A Juan Carlos Quintana siempre le gustó «el trabajo manual» y además nació en el mejor lugar para quedarse a vivir de lo que fabrica con sus manos. Tenía en casa el taller de cuchillería de su bisabuelo y todo sucedió como por inercia. Después de perfeccionar la técnica en un centro de formación, Quintana enriqueció la manufactura artesana de navajas y cuchillos montando un museo con tienda en el que ahora se hacen y venden unas 5.000 piezas al año y se recibieron en 2010 más de 8.000 visitas. El museo, con sus tres años de vida, «está empezando y le falta mucho trabajo por hacer», asegura Quintana, que acaba de incorporar al espacio expositivo la réplica de un taller hidráulico, accionado por la fuerza del agua. Su negocio, que funciona movido por un equipo de cuatro personas, distribuye cuchillos y navajas de Taramundi en Taramundi y en Asturias, pero también por «Galicia y León, Madrid,  Sevilla y hasta Albacete», capital nacional de la cuchillería. El promotor no se arrepiente: «La cuchillería engancha, será por el fuego».
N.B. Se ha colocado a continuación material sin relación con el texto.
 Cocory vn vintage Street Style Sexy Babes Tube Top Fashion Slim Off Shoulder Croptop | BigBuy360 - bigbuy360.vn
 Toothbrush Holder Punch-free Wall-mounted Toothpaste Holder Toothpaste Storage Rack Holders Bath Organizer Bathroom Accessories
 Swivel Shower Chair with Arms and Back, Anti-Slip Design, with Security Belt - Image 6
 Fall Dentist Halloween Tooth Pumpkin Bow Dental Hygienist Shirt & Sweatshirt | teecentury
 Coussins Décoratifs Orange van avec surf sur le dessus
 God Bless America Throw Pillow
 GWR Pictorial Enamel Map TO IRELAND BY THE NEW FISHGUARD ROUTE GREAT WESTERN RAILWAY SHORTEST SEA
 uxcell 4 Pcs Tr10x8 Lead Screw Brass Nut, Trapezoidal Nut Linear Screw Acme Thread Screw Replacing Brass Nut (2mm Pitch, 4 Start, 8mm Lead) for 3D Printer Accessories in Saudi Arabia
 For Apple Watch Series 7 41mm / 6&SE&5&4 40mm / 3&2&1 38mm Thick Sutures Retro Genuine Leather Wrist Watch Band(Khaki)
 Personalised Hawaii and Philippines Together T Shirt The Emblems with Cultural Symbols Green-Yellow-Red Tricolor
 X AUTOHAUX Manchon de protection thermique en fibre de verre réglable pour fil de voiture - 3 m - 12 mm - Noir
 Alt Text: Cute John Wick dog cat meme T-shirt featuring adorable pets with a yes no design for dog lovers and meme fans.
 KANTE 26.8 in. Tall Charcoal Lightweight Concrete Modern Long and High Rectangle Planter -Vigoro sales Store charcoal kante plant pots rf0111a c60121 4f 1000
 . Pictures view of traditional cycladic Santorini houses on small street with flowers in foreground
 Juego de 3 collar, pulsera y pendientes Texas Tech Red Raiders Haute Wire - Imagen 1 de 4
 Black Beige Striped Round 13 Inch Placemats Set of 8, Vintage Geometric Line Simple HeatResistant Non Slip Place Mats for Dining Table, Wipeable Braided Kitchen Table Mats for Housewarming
No es un caso aislado en Taramundi ni por la dedicación vocacional ni por el modelo de gestión privada del museo. El concejo mantiene 33 trabajadores de la navaja en 12 talleres -fueron 230 en el siglo XX, calcula Quintana- y además, hoy, otros artesanos de tradición familiar, jóvenes con descendencia que gracias a la inercia del primer impulso turístico han podido decidir quedarse. El museo del telar coincide con el del cuchillo en el sustento particular, más o menos en la antigüedad, cuatro años, y en el origen, porque Susana Martínez Quintana ha heredado por línea materna la inclinación a enseñar el oficio que ejercieron aquí sus antepasadas, «de mi tatarabuela a mi madre». En este municipio de tradición artesana, donde aún se fabrica y se vende artesanía, «llegó a haber unas trece» tejedoras. «Quedamos nosotras».

El Mirador

Propuestas para mejorar el futuro

_ El polígono

Los 13.000 metros cuadrados del área industrial de Taramundi, en una ladera desmontada frente a la capital del concejo, están a punto de empezar a vender sus catorce parcelas subdivisibles. El alcalde, Eduardo Lastra, confía en que sea un empujón «para que los emprendedores del concejo puedan montar o trasladar sus negocios». El polígono está donde ya estaba la nave de la quesería artesanal de Taramundi y Juan Carlos Quintana, artesano cuchillero, pide que su espíritu se contagie, que el espacio industrial promueva empresas «interesantes para todos, sobre todo agroindustrias».

_ El saneamiento

El concejo tiene pendiente el fin de las obras del colector general, al decir del Alcalde «una de las más importantes por la inversión y porque va a resolver los vertidos poco controlados al río» de la capital y de todo el valle que llega hasta el límite con Galicia.

_ La banda ancha

La certeza de que «un acceso rápido a internet te pone en el mundo» anima a Juan Carlos Quintana a exponer la sensación de que para vender turismo desde la aldea es importante poder hacerlo «en igualdad de condiciones con el resto del universo». La fibra óptica ya llega a la capital, afirma el Alcalde, y está en proyecto «la extensión de la banda ancha a través de una red wimax», importante para la venta turística y para atraer empresarios al polígono.

_ La artesanía

Taramundi escora su oferta turística hacia la artesanía, pero «carece de un lugar donde formarse en estas actividades», lamenta Trinidad Suárez, en parte porque el Centro Regional de Artesanía de Bres encalló en la suspensión de pagos de la empresa que debía ejecutar el proyecto. «Tendría que haber estado listo en enero», afirma Lastra, que espera desbloquear la obra a tiempo de no perder las subvenciones y de instalar siete talleres de artesanos con otros tantos empleos, «y no sólo de cuchillos y navajas, también de cerámica, cristal o madera».

_ La autovía

La comunicación ha mejorado mucho en Taramundi, pero el fin de la obra del corredor transcantábrico «ahorraría más de media hora», destaca Roberto Rey, y sobre todo ayudaría a disminuir la sensación de «lejanía psicológica» que todavía afecta a la villa.